Poster for the annual Auburn Car Festival which celebrated the anniversary of women’s suffrage

The three prominent automotive brands housed in the museum – Auburn, Cord, and Duesenberg – were high-priced luxury and racing vehicles produced between 1900 to 1937. Auburn was wholly owned by the Cord Corporation; entrepreneur E.L. Cord acquired Duesenberg in 1926 to add to his stable of stylish and expensive cars. The Depression, and the economic downturn that followed, saw an inevitable sales decline for the Cord empire. The company was sold and dissolved in 1937.

Other vehicles on display in the museum include ‘The Cars of Indiana,’ rare and unusual vehicles no longer in production once manufactured in the Hoosier state, as well as a gallery of racers and record-setters. Exhibits on the second and third floors include advertising campaigns, the work of design studios, blueprint rooms, as well as engines and technological innovations of the day.

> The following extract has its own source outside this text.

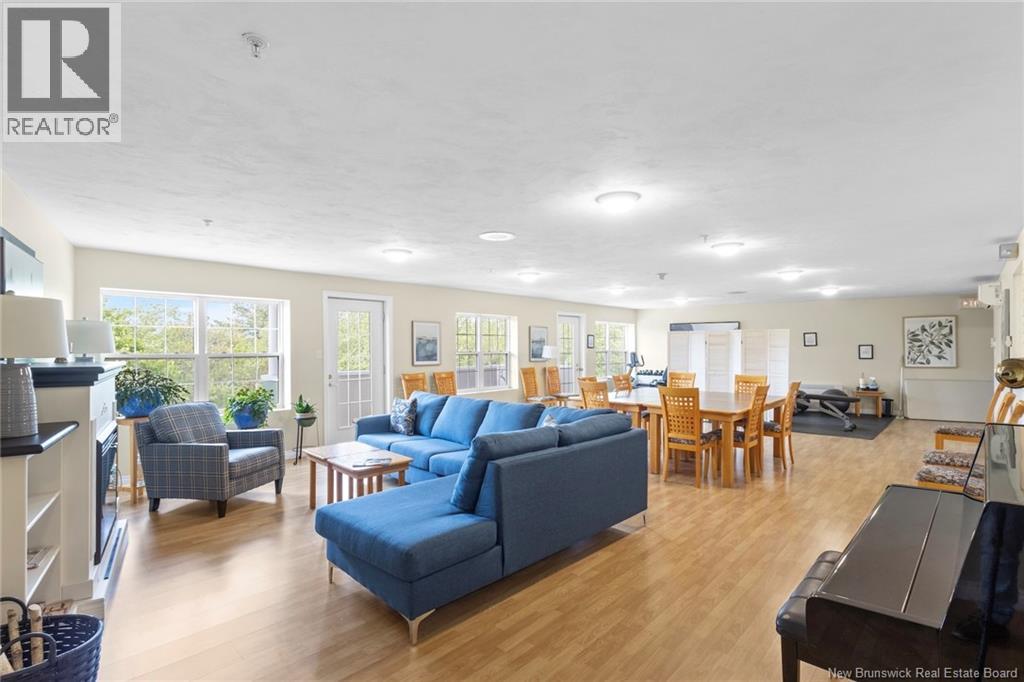 #203 158 Hanwell Road - 33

One of the many advertisements featuring women on display

As might be expected in a museum seeped in automotive history, regional identity, and the accomplishments of exceptional men, women’s presence within its celebrated walls is subtle at best. However, because of the nature of the Auburn – Cord – Duesenberg product, female representation was, in fact, an important component of the automotive brand. This is evident in the promotional materials that adorn the walls of the building’s second floor. As one of the accompanying placards notes, ‘Auburn ads frequently featured glamourous female models situated in lavish settings.’ The models were called upon to reflect class, elegance, and style, as well as to suggest that owning such a vehicle would infer such qualities on the individual who drove it. As another card conveyed, ‘these ads were notable because they featured a lifestyle and not the product.’ The presence of female models in these advertisements suggest the stylish women were more successful in eluding elegance and class than the cars themselves. Photographs hung throughout the museum – with unnamed women as passengers – also serve to associate the automobile with a certain upscale and desirable lifestyle.

Woman as Goddess on the hood of a Duesenberg

Women also graced automotive exteriors in the form of hood ornaments. These sleek, elongated, goddess representations in steel also lent credence to the Duesenberg or Auburn as luxurious vehicles for the upper class.

Within the lineup of cars on display, women as well as notable events involving women are called upon to place a vehicle within a specific time and place in history. Referring to Amelia Earhart [an automobile aficionado] or women’s suffrage alongside an automobile of that era offers an opportunity to imagine how or why an automobile might be used. Women’s stories – anecdotes of an event or driving experience – are also integrated into the histories of particular automobiles. Women referred to by name as donors were often keepers of cars – maintaining the automobile after the death of a father or spouse before donating it to the museum archives. These women serve as touchstones within the cluster of vehicles, often providing a human element to the business of cars.

High society woman and the new 1935 Cord 810

This was not my first visit to the ACD Museum. I stopped in decades ago while in the area for a dog show [which is a whole other conversation]. More recently, I traveled to Auburn for SAH [Society of Automotive Historians] business. But this encounter provided me with the opportunity to search out women’s presence in what I suspect exists for most as a very masculine space. As I discovered in the ACD as well as most of the automotive museums I’ve spent time in, women are visible if only you look for them.